- Stored data -
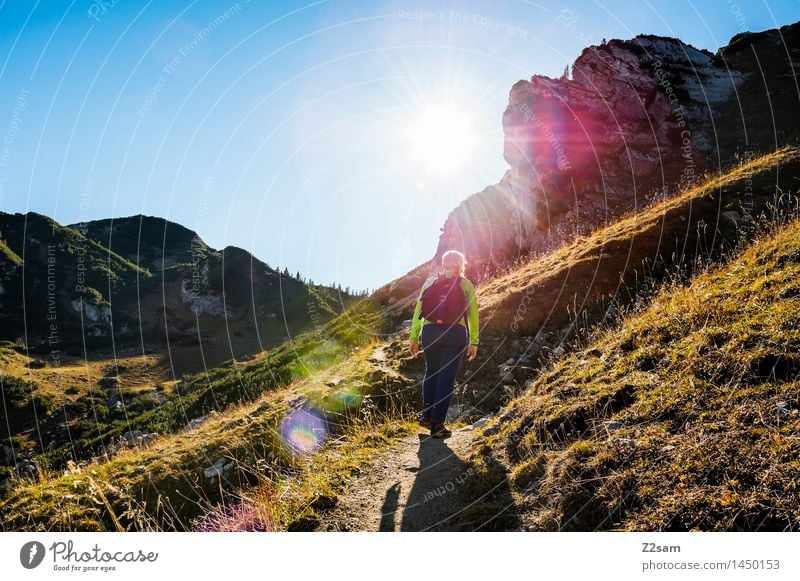 Come on, come on! Lifestyle Leisure and hobbies Hiking Young woman Youth (Young adults) Nature Landscape Sky Autumn Beautiful weather Meadow Alps Mountain Peak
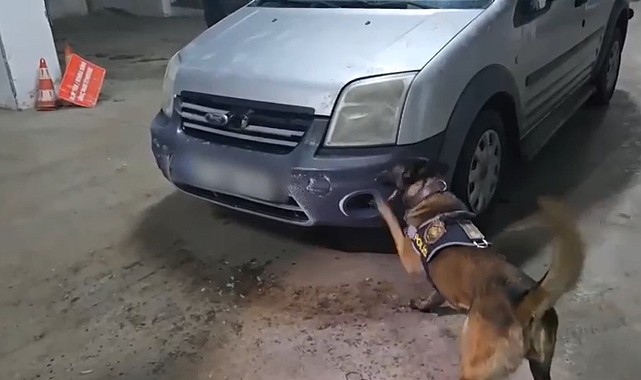 Kars'ta uyuşturucu narkotik köpeği Şila'ya takıldı
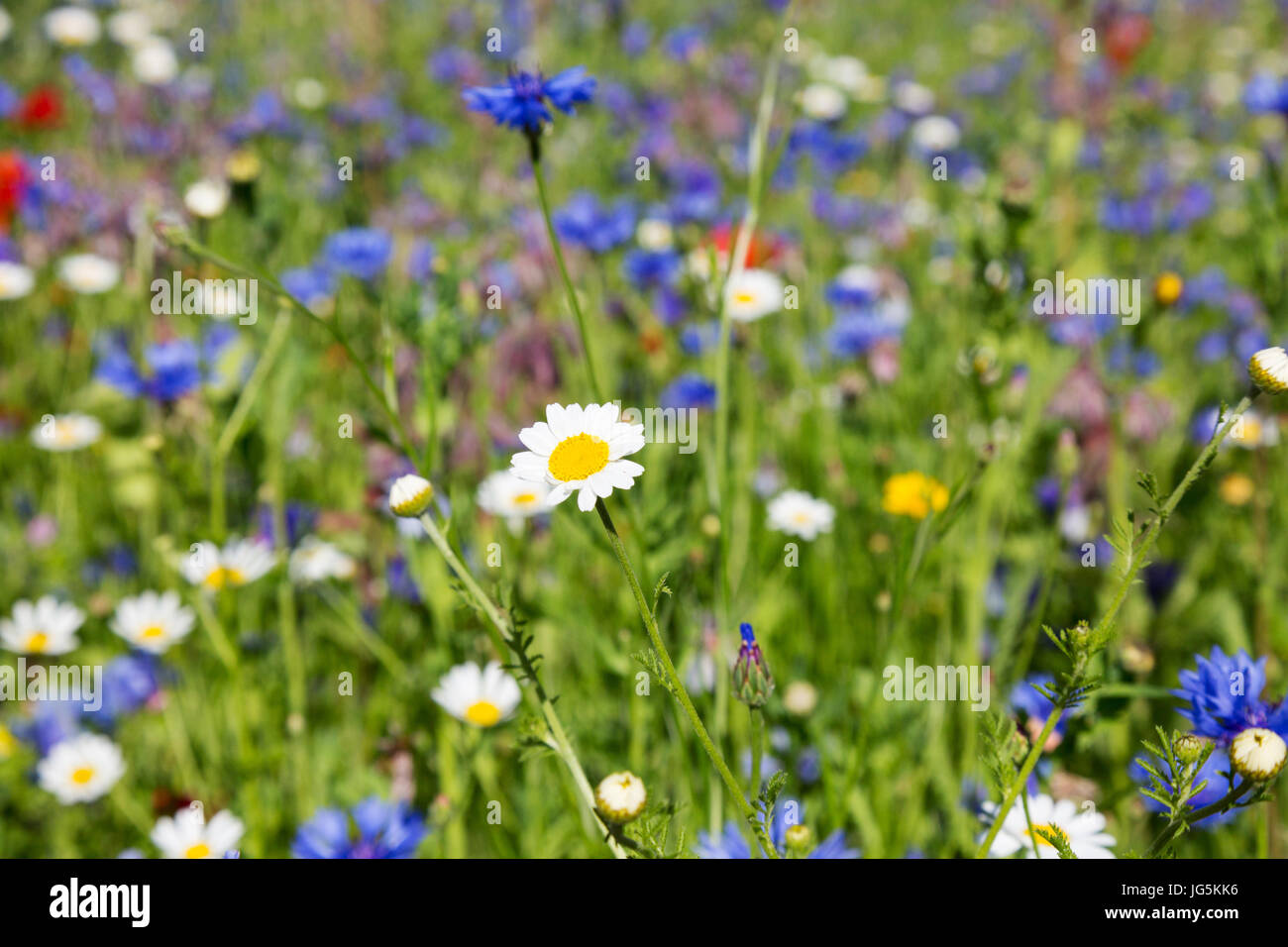 Colourful wildflowers growing in a summer meadow, close up - England UK Stock Photo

- Problem -
Your answer must be an exact copy of the lines from the one with "Kars'ta uyuşturucu narkotik" through the final line of the data, both included, without any pictures.

- Answer area -
 Kars'ta uyuşturucu narkotik köpeği Şila'ya takıldı
 Colourful wildflowers growing in a summer meadow, close up - England UK Stock Photo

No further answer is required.